В вероятностно-статистической теории информация выступает в качестве снимаемой, уменьшаемой неопределенности, а ее количество измеряется посредством вероятности. Дело в том, что неопределенность (ее степень) характеризует отношение всей совокупности элементов множества, из которого происходит выбор, 1 к выбираемым, а вероятность есть обратное отношение, т. е. отношение выбираемых элементов ко всей их совокупности. Эта идея о взаимосвязи вероятности и степени неопределенности легла ; в основу определения понятия количества информации: индивидуального (как отрицательного логарифма от вероятности одного выбора), так и среднего — как математического ожидания от отрицательного логарифма вероятности, рассматриваемого в качестве случайной величины.

Однако вероятностно-статистическая теория информации не является единственной, появились и другие математические варианты определения понятия количества информации. В 1955 г. американский биофизик и социолог Н.П.Рашевский предложил топологический подход для измерения количества информации в топологических комплексах — графах (предложение Н.П.Рашевского развили его ученики Г. Карреман, Э. Тракко). Количество информации здесь измеряется в зависимости от количества топологических различий вершин графов.

Широкое распространение получил комбинаторный подход к определению количества информации, идея которого содержалась уже в формуле количества информации, предложенной еще Хартли (как логарифма возможного множества различных сообщений). Комбинаторный подход выделяет лишь количество элементов и их отношения в конечной совокупности. Наиболее развитым в математическом отношении является такой вариант комбинаторного подхода в теории информации, как эпсилон-энтропия (А.Н.Колмогоров, В.М. Тихомиров, А.Г.Витушкин и др.).

Существуют также работы, в которых понятие количества информации применяется и для характеристики динамических систем (работы В.А.Рохлина, Я.Г. Синая и др.). Здесь динамические системы понимаются не в плане противопоставления статическим, а как противоположность статистическим (это связано с различным характером причинно-следственных отношений).

В 1965 г. А.Н.Колмогоров предложил принципиально новое, алгоритмическое определение понятия количества информации. Идея этого невероятностного подхода заключается в том, что количество информации определяется как минимальная длина программы, позволяющая однозначно преобразовать один объект (множество) в другой объект (множество). Чем больше различаются два объекта между собой, тем сложнее (длиннее) оказывается программа перехода от одного объекта к другому. Программа измеряет степень тождества (или различия) двух объектов, выражает эту степень количеством команд, инструкций, которые необходимо реализовать, выполнив в определенном порядке систему операций, переводящих один объект в другой.

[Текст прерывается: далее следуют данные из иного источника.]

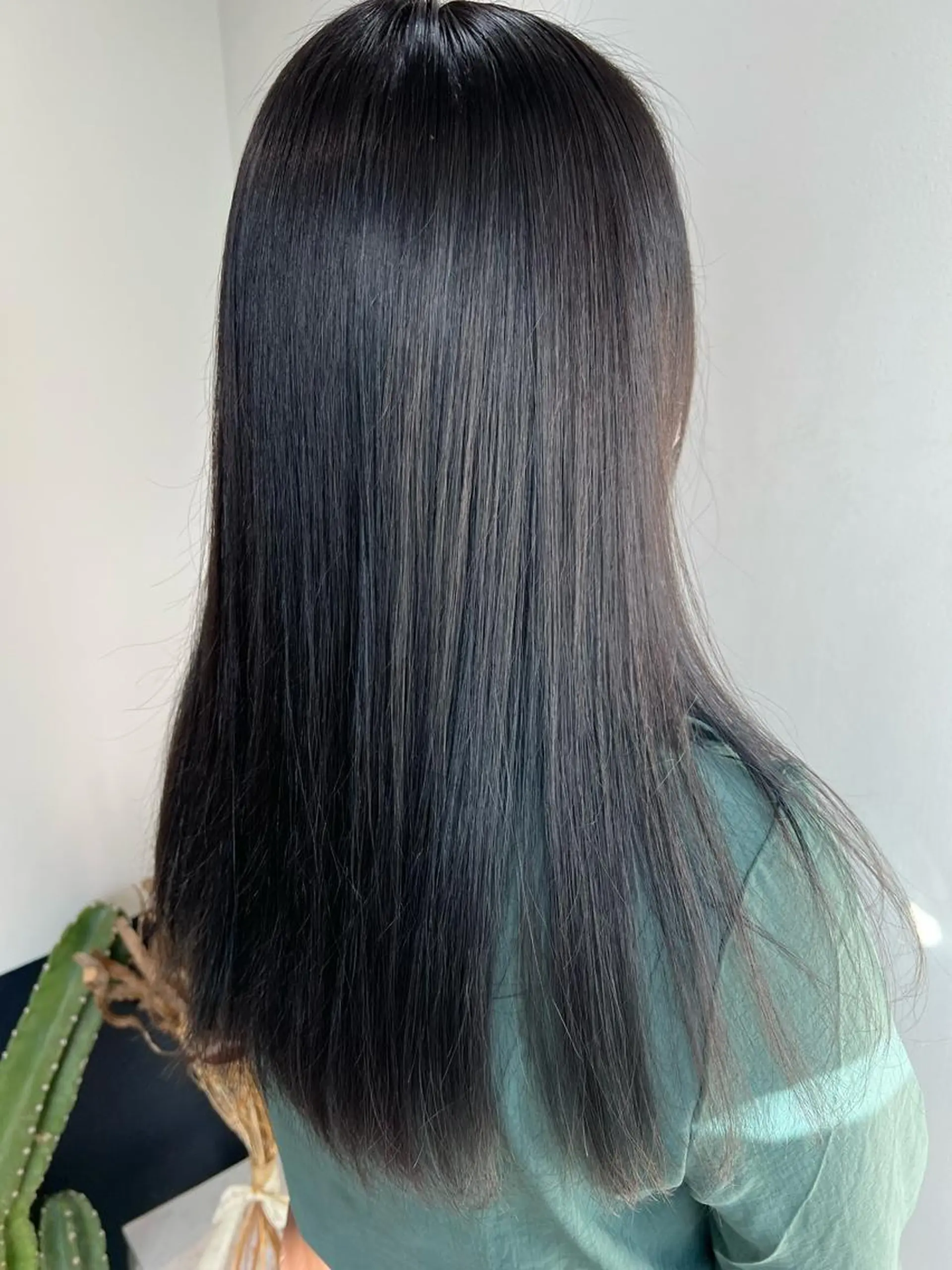 ロング カラー カット ヘアカラー トリートメント ケアブリーチ/ili 村上佳那多のヘアスタイル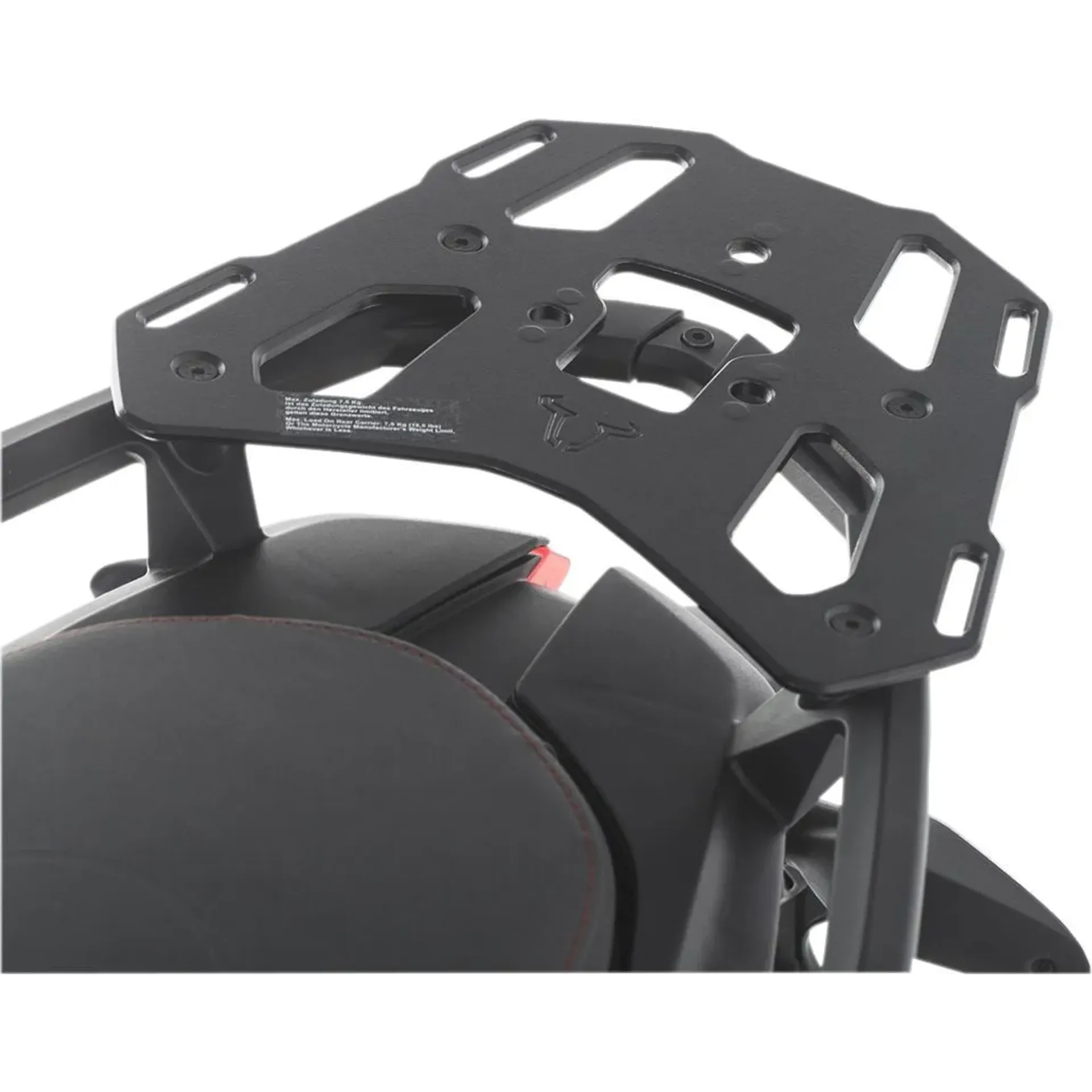 Luggage Alu Rack Black Ducati Multistrada 1200/S, Hyperstrada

Если ранее вся вероятностно-статистическая теория информации строилась на базе теории вероятностей, то теперь, как показал А.Н.Колмогоров, стало возможным на базе алгоритмического определения понятия количества информации наметить подходы к построению теории вероятностей. Случайными в таком информационном построении теории вероятностей считаются события, которые не содержат информации друг о друге.

Дальнейшее возникновение других, кроме вероятностно-статистических и комбинаторных вариантов теории информации (топологического, алгоритмического, динамического и т. д.), а также проникновение этих математических методов в естественные пауки породило новые истолкования термина «информация». В естественных науках понятие информации (в особенности науках, исследующих неживые тела) связывается со свойством сложности, упорядоченности, организации, структуры, разнообразия. Существуют и иные более частные интерпретации информации в рамках той или иной науки или их группы.

Итак, понятие информации постепенно «перекочевало» из разговорного языка и социально-гуманитарных наук в технические и естественные. Этому процессу в значительной степени способствовало развитие кибернетики, которая в биологических и социальных объектах (и в составной части этих последних — технических устройствах) вычленяет определенный аспект исследования, т. е. процессы связи и управления. Понятие информации, употребляемое в кибернетике, содействовало интеграции знаний о соответствующих предметных областях исследования, синтезу гуманитарного, технического и естественнонаучного знания. Развитие понятия информации в этих науках привело к тому, что они не может считаться или только понятием группы этих наук, или тем более какой-либо одной частной науки.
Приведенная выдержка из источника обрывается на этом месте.